Ein Jahr später kam dann mein Vater hinzu.
Mitte der Achtziger Jahre bis in die Neunziger
gab es eine Diktatur in Äthiopien.
Das war der Grund, warum meine Eltern den Entschluss getroffen haben,
einfach zu gehen.
Damals gab es vielleicht 5 Familien, die aus Afrika kamen.
Ich war das erste schwarze Baby,
das im Erdinger Krankenhaus geboren wurde.
Was eine kleine Sensation war, sodass ich in der Zeitung war.
Klar, man ist aufgefallen - aber ich habe es immer als positiv empfunden.
Als wir dann nach München gezogen sind, war das was anderes,
da waren wir eine von vielen.
Was an mir typisch bayerisch ist?
Ja, ich finde es sehr schade, dass ich nicht bayerisch sprechen kann,
schon wenn ich will, aber es ist nicht gut.
Mein akuter Appetit auf Deftiges ist vielleicht bayerisch.
Ich würde immer Käsespätzle und etwas Deftiges
dem Salat vorziehen.
Ich bin auch eher mit Bier groß geworden als mit Wein.
Ich muss echt sagen, und dreimal auf Holz klopfen,
dass ich und auch meine Geschwister, nie angefeindet worden sind.
Es war eher was besonderes, wir waren die Exoten.
Wir waren die, die aus der Ferne kamen.
Man hat sich gefreut, dass wir es als selbstverständlich empfunden haben,
dass wir Kinder im Dirndl bei allen Festen dabei sind.
Es ist auf jeden Fall so, dass es gerade im Model-Business
in Deutschland als dunkelhäutige Frau schwieriger ist.
Beispielsweise für Make-up, da kommt eine dunkelhäutige Frau
an sich nicht infrage.
Ich muss sagen, dass ich durch meinen Sieg
bei Germanys Next Topmodel eine Sonderstellung habe.
Aber ich weiß von anderen Models, die auch dunkel sind,
dass es echt nicht einfach ist.
Das Witzige ist gerade, auch bei dem ganzen Prozess in der Sendung,
dass die Journalisten im Nachhinein mich immer gefragt haben:
"Wie war es denn?"
Sie wollten immer die Geschichte vom armen, kleinen, schwarzen Kind.
Und habe nur darauf gewartet, dass ich Storys erzähle,
wie schlecht es mir eigentlich geht.
Ich hab regelrecht gemerkt, dass die Journalisten enttäuscht waren,
als ich denen gesagt habe:
Tut mir leid, nein, ich hatte, Gott sei Dank, sehr viel Glück.

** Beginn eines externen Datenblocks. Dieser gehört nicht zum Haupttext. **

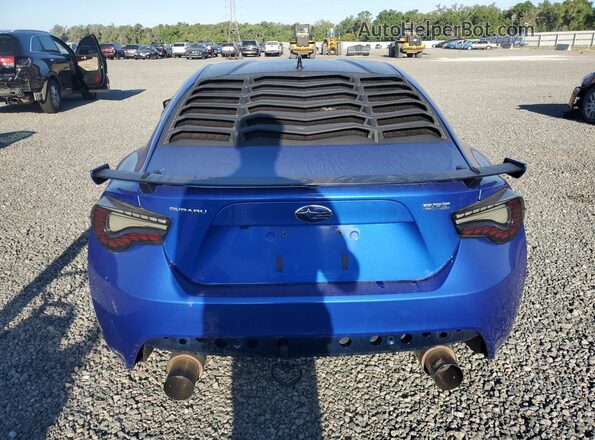 JF1ZCAC13L9702148 2020 SUBARU BRZ Blue Rear view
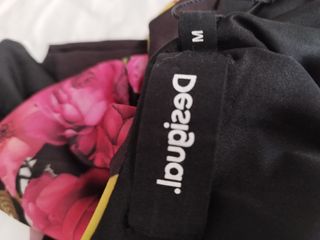 Body Desigual sin mangas estampado floral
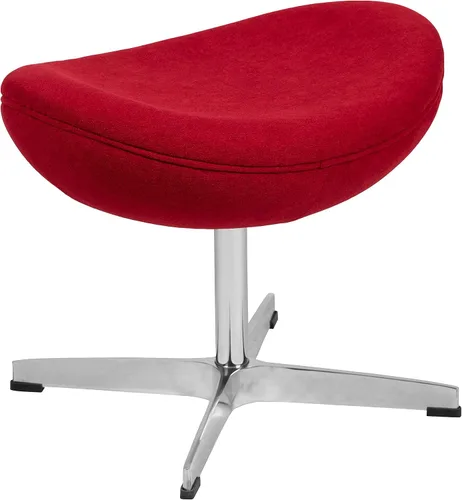 Miniatura 29 de Flash Furniture Egg Series Grey LeatherSoft Silla de recepción lateral Gris Leathersoft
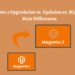 Magento 2 Upgradation vs. Updation vs. Migration: Main Differences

Ich hab immer daran gezweifelt zu gewinnen,
weil ich nicht schön genug bin. Aber nicht weil ich braun bin.
Und das hat sehr viele Menschen immer so ein bisschen verwundert,
weil sie dachten: Ist doch klar, dass du das denken musst.

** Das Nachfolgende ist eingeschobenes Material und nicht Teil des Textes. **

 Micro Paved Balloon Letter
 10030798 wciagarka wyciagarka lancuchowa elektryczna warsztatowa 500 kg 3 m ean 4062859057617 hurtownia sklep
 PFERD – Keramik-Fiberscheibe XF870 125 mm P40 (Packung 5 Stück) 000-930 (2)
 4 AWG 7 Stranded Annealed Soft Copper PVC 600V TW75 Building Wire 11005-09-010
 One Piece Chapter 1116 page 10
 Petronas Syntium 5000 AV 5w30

Ich finde in Deutschland kann man noch mehr tun.
Es sollte nicht immer nur
die klassische blonde blauäugige Frau sein.
Sondern auch mal eine...
Es muss ja nicht immer nur die dunkle sein.
Aber es kann ja auch mal eine Rothaarige sein,
die werden ja genauso nicht repräsentiert.
Das würde ich mir wünschen.
Die ganze Branche sollte Weitsicht zeigen und die schöne Vielfalt,
die Deutschland hat, auch repräsentieren.